Data provided:

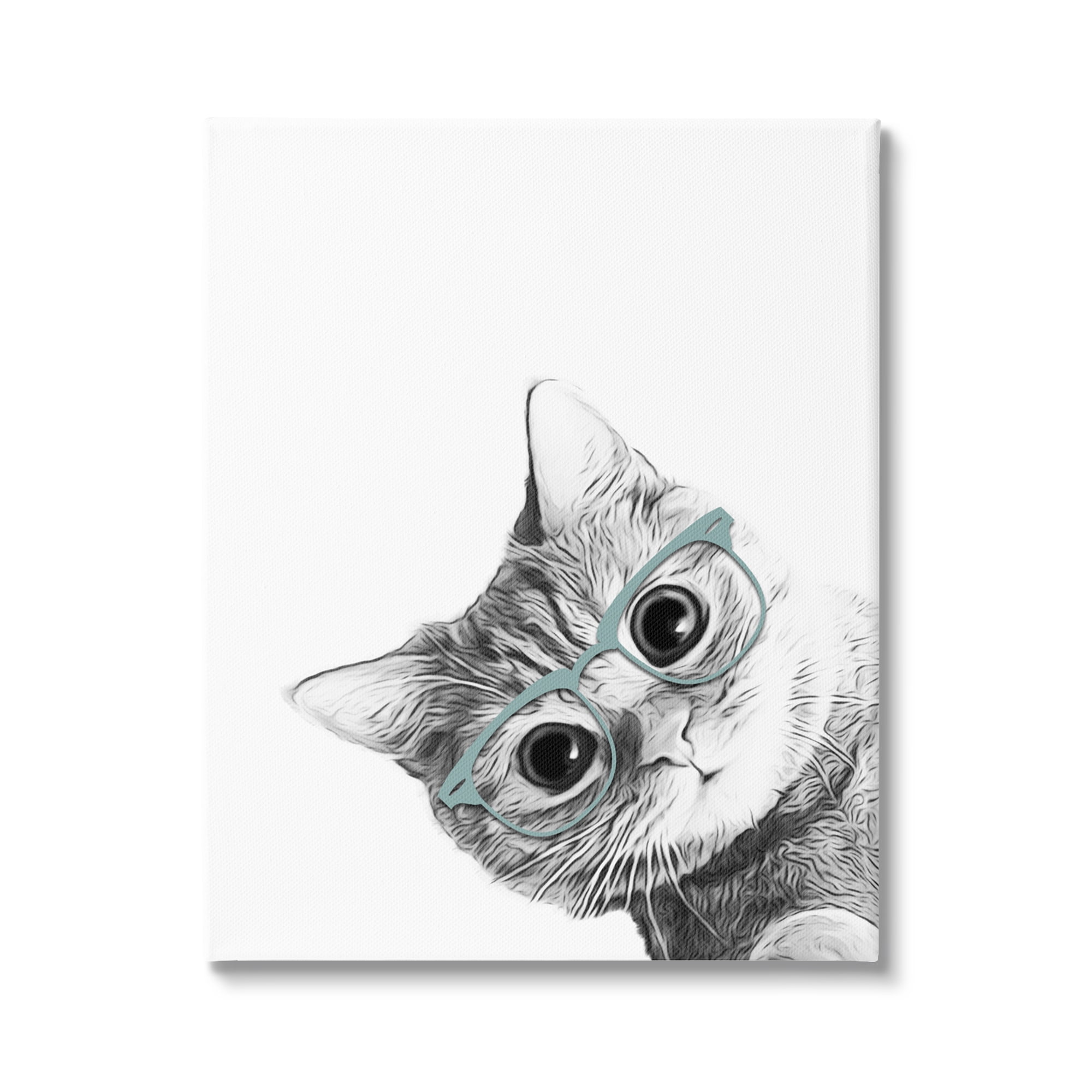 Stupell Industries Monochrome Cat Kitten Peeking Glasses Portrait, 36 x 48, Design by Annalisa Latella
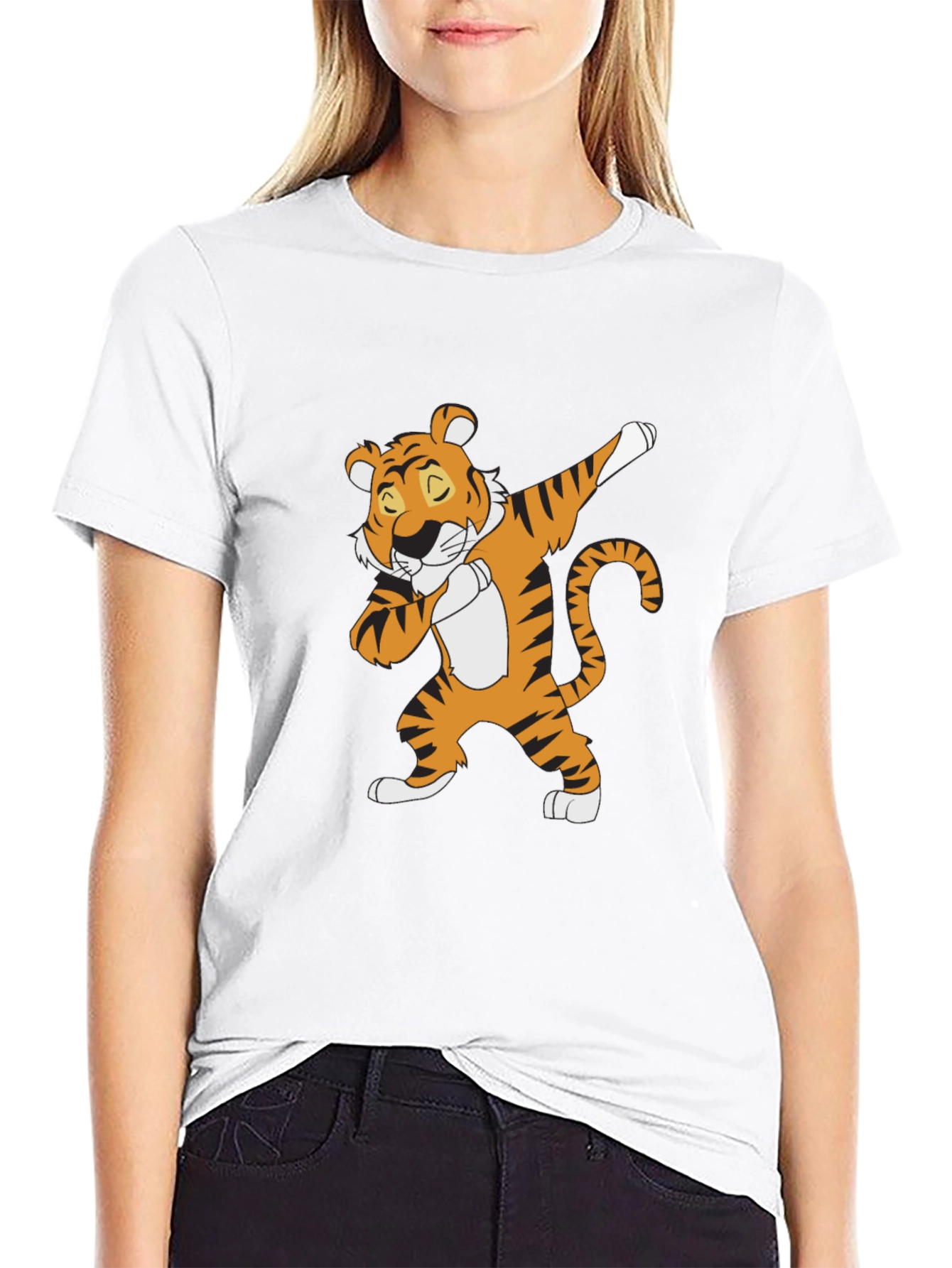 Dabbing Tiger Graphic Tee - Black Cotton T-Shirt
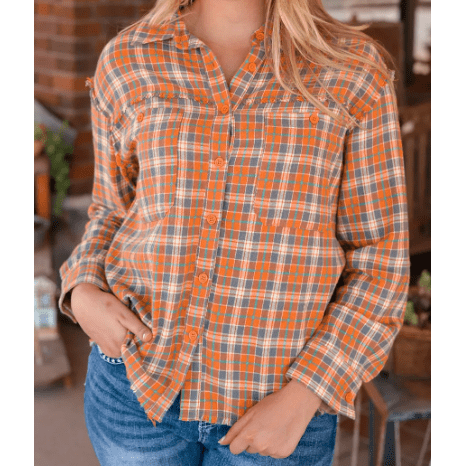 Jazlyn Plaid Embroidery Patch Button-Down Shacket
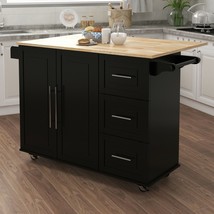 Kitchen Island with Spice Rack, Towel Rack and Extensible Solid Wood Table - £231.57 GBP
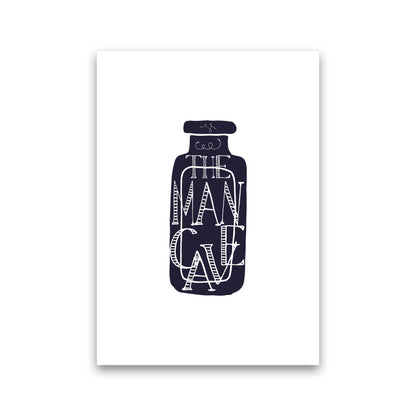 The Man Cave 3 Modern Print, Framed Bathroom Wall Art Print Only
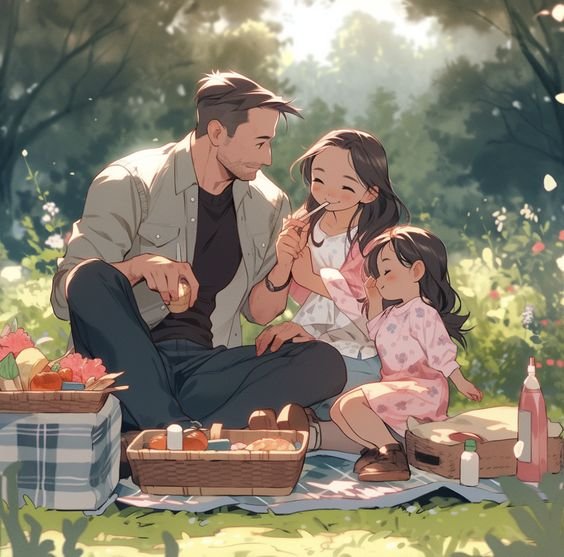 ảnh chibi hoạt hình gia đình hạnh phúc 1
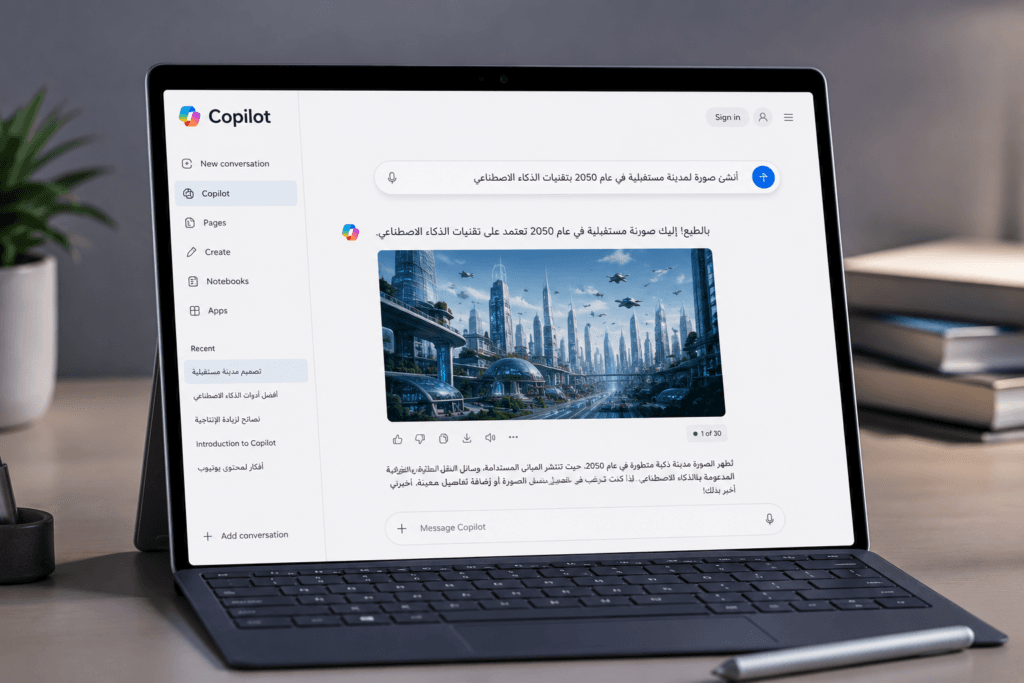 واجهة Microsoft Copilot المجانية للبحث وتوليد الصور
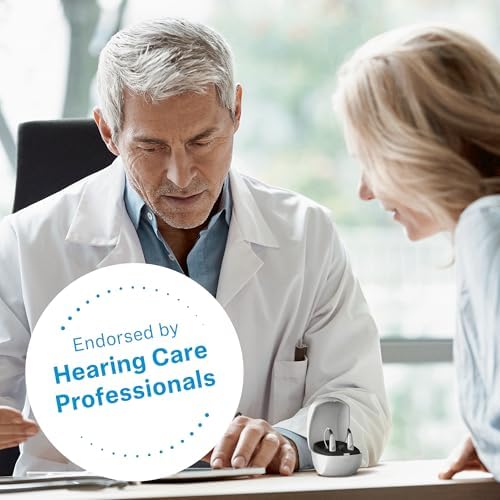 Sennheiser All-Day Clear Slim - OTC Self-Fitting Hearing Aid for All-Day Wear and Bluetooth Streaming - For Mild to Moderate Hearing Loss - FDA Cleared - Light Grey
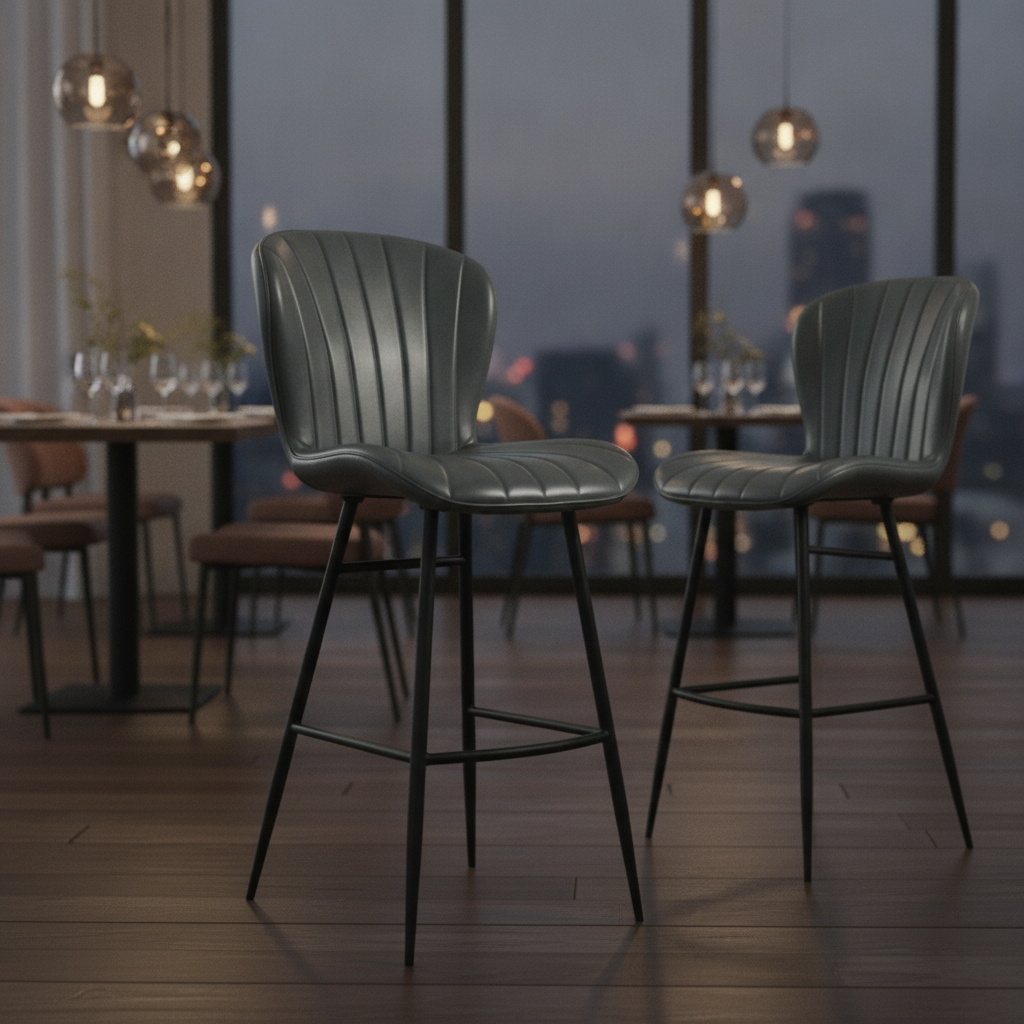 Genuine Leather Bar Stool with Steel Frame 1150x510mm for Indoor Dining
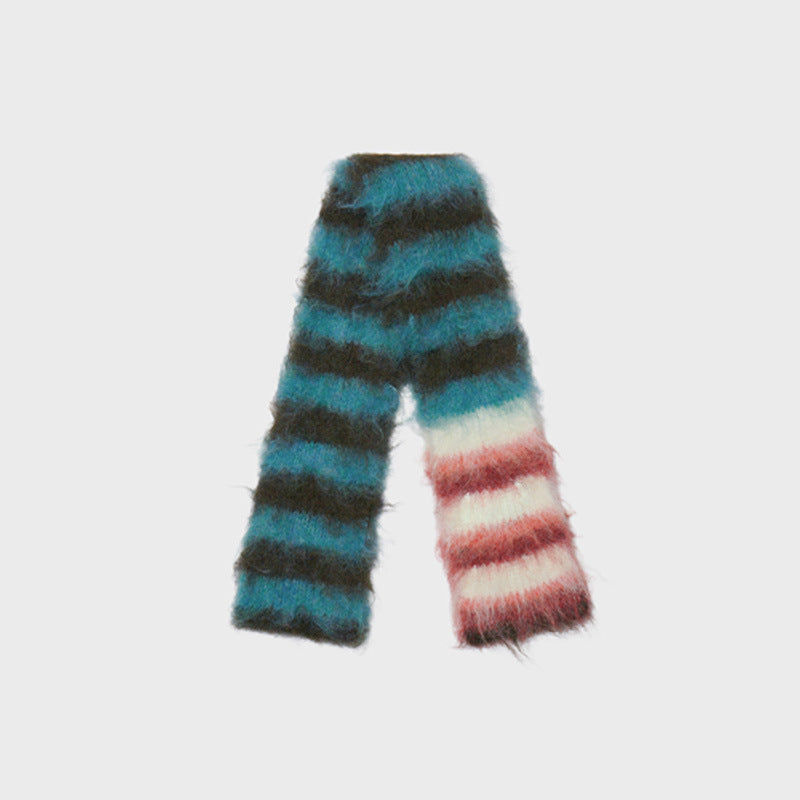 Korean Designer Custom Color-Block Striped Knitted Scarf for Women, Autumn and Winter, Niche, Thin, Soft, Soft Yarn Neck Warmer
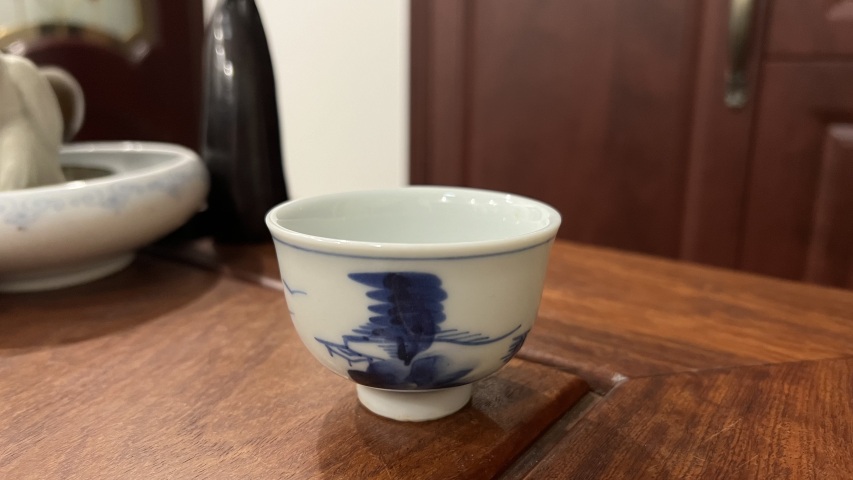 古玩陶瓷清代青花杯拍賣，當前價格255元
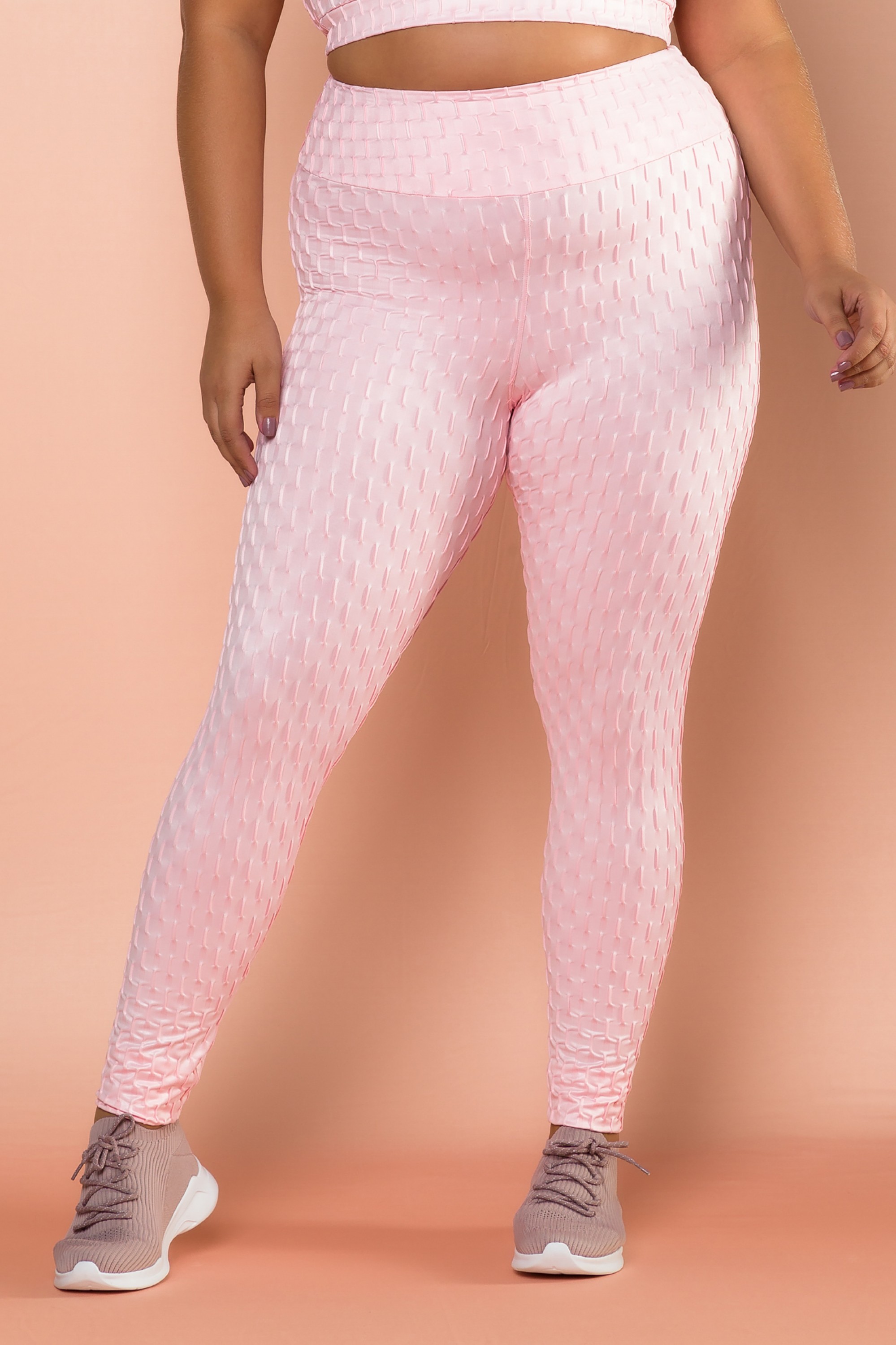 Calça Legging COM TECIDO ALTO RELEVO CIRRÊ ROSA - Hipy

Exercise instructions: Output exactly, and only, the lines of the entries above from the one with "واجهة Microsoft Copilot" up to and including the one with "Sennheiser All-Day Clear"; pictures are to be left out.

Solution below:
 واجهة Microsoft Copilot المجانية للبحث وتوليد الصور
 Sennheiser All-Day Clear Slim - OTC Self-Fitting Hearing Aid for All-Day Wear and Bluetooth Streaming - For Mild to Moderate Hearing Loss - FDA Cleared - Light Grey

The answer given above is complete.